Whenever it comes up in conversation that I endured almost a decade of piano lessons as a child, people often get a wistful look on their faces, before saying something like, “Oh, it must be so great to just be able to sit at a piano and play.”
But strangely enough, lots of the memories I have of learning to play the piano involve things other than the actual sitting-and-playing part. If you were lucky enough to take piano lessons, perhaps you’ll know what I mean.

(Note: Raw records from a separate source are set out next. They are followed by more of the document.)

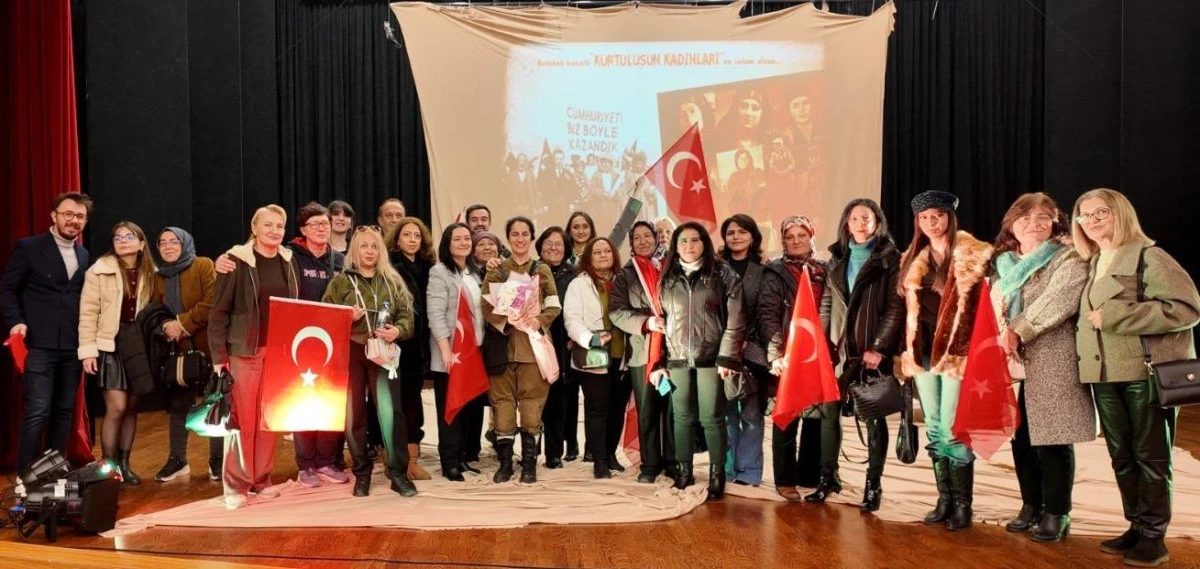 &ldquo;Kurtuluşun Kadınları&rdquo; adlı tiyatro g&ouml;sterisine ilgi yoğundu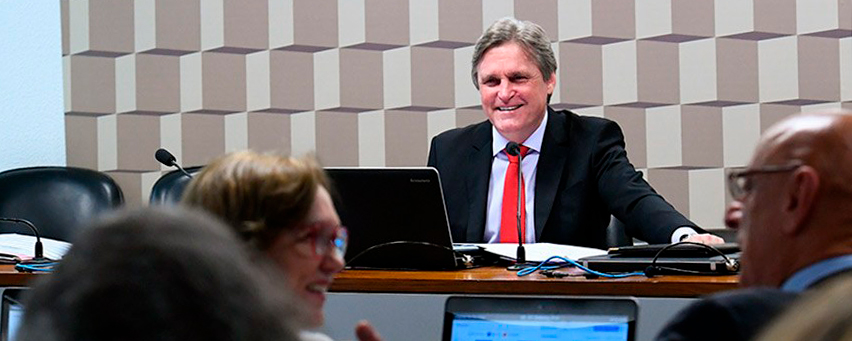 Discussões sobre carteira estudantil e meia-entrada continuarão em 2020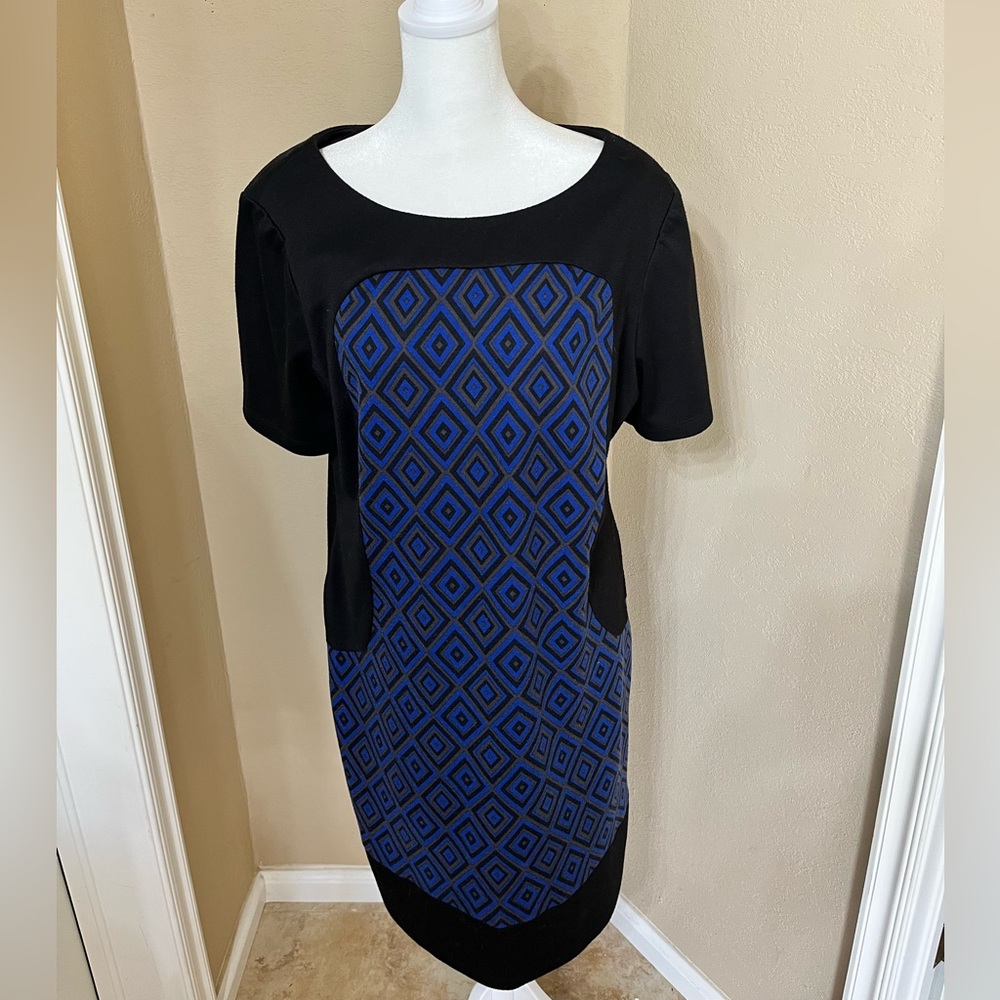 R & K Originals Knee High Dress - Size 16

Here is a brief run-down of some of my strongest memories of taking piano lessons:
- I remember the wrinkles on my piano teacher’s hands.
- I remember the face of the kid who had his lessons right before me.
- I remember the sound of the clock ticking during my exams.
- I remember scales.
For some reason, I really liked practicing scales. No matter how hard the pieces were that I was supposed to be learning, the scales never changed, and I loved that predictability. I could remember where the sharps and flats were. I could visualize them before even playing the scale. Maybe that’s why I love this song so much; it reminds me of the comforting up and down of playing scales.
What makes this a beautiful song:
1. The wandering time signature. I’m tempted to count it as regular 4/4, but because the notes in the right hand are sometimes grouped in fives, and sometimes in sevens, I keep losing track of where the downbeat is. It makes me feel a bit musically inept, as if I’ve just tied my own shoelaces together.
2. The vocal clip. The grainy old voice that urges us to memorize the spaces in the treble clef is a great contrast to the clear, echoing notes in the piano.
3. The subtle thuds that fade in as the song nears the 2-minute mark. Like a racing heartbeat.
Recommended listening activity:
Sitting on a swing and turning around and around until you can’t turn anymore…and then letting yourself spin.